The astronauts also did work to enable robotic specialists to remove one of the three new lithium ion batteries connected during last Friday’s spacewalk that is not charging properly and replace it with the two older nickel hydrogen batteries. The swap will restore a full power supply to that solar array power channel.
In addition, the astronauts also completed several tasks to prepare the worksite for future spacewalkers who will complete similar operations to upgrade the batteries for the set of solar arrays at the end of the port side of the station’s backbone structure known as the truss. Hague inspected the worksite interfaces for a portable foot restraint a spacewalker uses to anchor themselves during the battery upgrade work while Koch installed fabric handrails to help future spacewalkers move across the worksite.
This was the second spacewalk for Hague, who now has spent a total of 13 hours and 24 minutes spacewalking. It was the first spacewalk for Koch, who became the 14th female spacewalker.
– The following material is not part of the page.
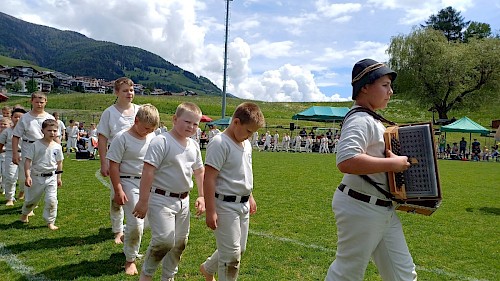 Pfingstranggeln, int. Alpencupranggeln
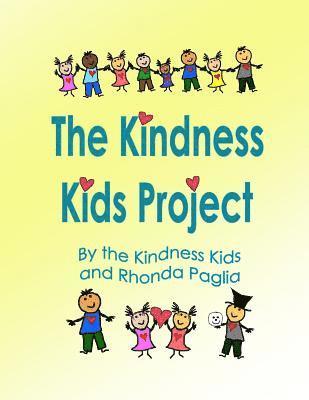 bokomslag The Kindness Kids Project: A Compilation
Anne McClain and David Saint-Jacques of the Canadian Space Agency are scheduled to conduct another spacewalk April 8 to establish a redundant path of power to the Canadian-built robotic arm, known as Canadarm2, and install cables to provide for more expansive wireless communications coverage outside the orbital complex, as well as for enhanced hardwired computer network capability.
Experts will discuss the work to be performed on the April 8 spacewalk during a news conference at 2 p.m. EDT Tuesday, April 2, at NASA’s Johnson Space Center in Houston. Live coverage of the briefing and spacewalks will air on NASA Television and the agency’s website. Participants in the briefing are Kenny Todd, International Space Station manager for Operations and Integration, Rick Henfling, spacewalk flight director, and John Mularski, lead spacewalk officer.
Space station crew members have conducted 215 spacewalks in support of assembly and maintenance of the orbiting laboratory. Spacewalkers have now spent a total of 56 days 4 hours and 24 minutes working outside the station.